5. Consider a Roth conversion. This may increase your taxes this year, but will lower taxes years later. You would take some of your money in a tax-deferred vehicle like an IRA and convert it to a tax-free Roth IRA. The IRS will generally tax you on the amount you convert as ordinary income. This would be especially attractive if your income is lower this year and you have the money in your taxable account to pay the taxes. Here are seven factors to consider for a Roth conversion.
6. Make sure you won't be penalized by the IRS for not paying enough. If you don't pay the required minimum amount in withholding or tax estimate payments, the IRS can charge you both interest and a penalty. This IRS calculator can help you determine if you need to up your withholding amounts.

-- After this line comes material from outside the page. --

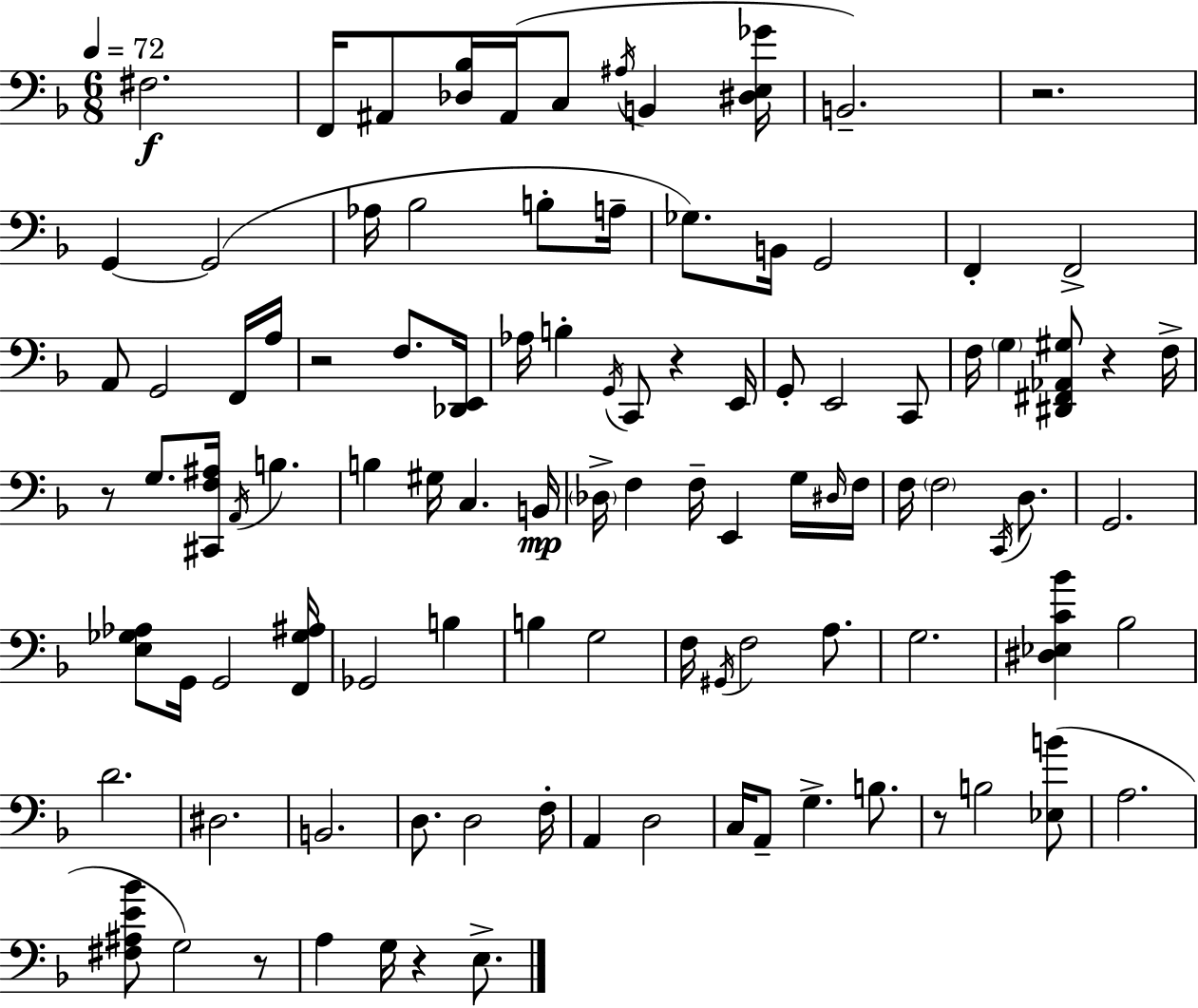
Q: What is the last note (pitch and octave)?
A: E3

7. Consider a distribution from your IRA or 401K. Required minimum distributions (RMDs) have been waived this year but, if your marginal tax rate is low enough, you may want to take it anyway. This will lower your taxable RMDs in later years.

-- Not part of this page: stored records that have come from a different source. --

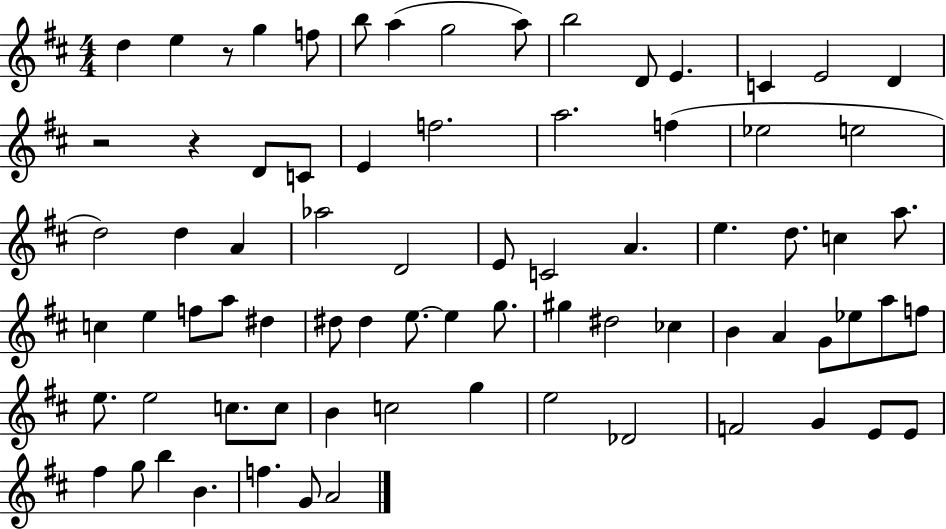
{
  \clef treble
  \numericTimeSignature
  \time 4/4
  \key d \major
  d''4 e''4 r8 g''4 f''8 | b''8 a''4( g''2 a''8) | b''2 d'8 e'4. | c'4 e'2 d'4 | \break r2 r4 d'8 c'8 | e'4 f''2. | a''2. f''4( | ees''2 e''2 | \break d''2) d''4 a'4 | aes''2 d'2 | e'8 c'2 a'4. | e''4. d''8. c''4 a''8. | \break c''4 e''4 f''8 a''8 dis''4 | dis''8 dis''4 e''8.~~ e''4 g''8. | gis''4 dis''2 ces''4 | b'4 a'4 g'8 ees''8 a''8 f''8 | \break e''8. e''2 c''8. c''8 | b'4 c''2 g''4 | e''2 des'2 | f'2 g'4 e'8 e'8 | \break fis''4 g''8 b''4 b'4. | f''4. g'8 a'2 | \bar "|."
}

8. Check your flexible spending accounts (FSA). If you are contributing to your employer's FSA account, you may have until March 15, 2021, to use it or lose it. Check your balance and what expenses qualify.
9. Max out your Health Savings Account (HSA). If you have a high deductible health plan, you can lower your taxes up to $7,100 (half that amount if single) by contributing to your HSA account. Consider holding on to receipts for medical expenses and waiting to reimburse yourself years later. This gives you the benefit of both a traditional IRA with the tax deduction this year and a Roth with years of tax-free growth.
10. Lower income. If you are self-employed, consider ways to delay income, such as holding off on billing customers. You can also move expenses up, such as paying bills early or stocking up on necessary supplies.
One warning is that there is nothing simple about taxes and some of these moves can backfire. For example, the tax gain harvesting can result in higher Affordable Care Act health care premiums. So seek competent tax advice.
A second warning is that tax law is always subject to change, so pay attention to who wins the presidential election and what those proposed changes will be.